Child care and Head Start. Today, just 1 in 6 children eligible for child care assistance receive it, and Head Start serves only a small fraction of eligible infants and toddlers (and about half of 3- and 4-year-olds) due to inadequate funding. Despite this, the House and Senate funding bills for 2018 provide little or no increase for these programs. Since the cost of hiring teachers and buying teaching materials rises each year with inflation, both plans would likely lead to a decline in the number of children that child care and Head Start serve.
Under the congressional budget plan, by 2027 Head Start could serve roughly 170,000 fewer children than in 2016 — unless the program took drastic measures to reduce its cost and quality — if Head Start were cut by the same share as NDD overall.

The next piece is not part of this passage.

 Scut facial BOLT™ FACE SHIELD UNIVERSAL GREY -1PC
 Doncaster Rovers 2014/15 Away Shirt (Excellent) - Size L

The Bottom Line: Program Cuts Would Outweigh Most Families’ Small Tax Cuts
The GOP tax framework released in late September and the House Ways and Means proposal would provide very large tax cuts to the wealthiest Americans and profitable corporations, while providing little or only modest help to millions of low- and moderate-income families with children. Indeed, under the House plan, 10 million children in low-income working families would not benefit at all from the proposed expansion in the Child Tax Credit and 13 million additional children would receive less than the full $600-per-child increase available to higher-income families. When Congress turns its attention to paying for those tax cuts, most families with children would likely lose more from cuts in areas such as health care, child care assistance, education, food assistance, and refundable tax credits — that is, from programs that provide them with needed support or promote their upward mobility — than they would gain from the heavily skewed tax cuts.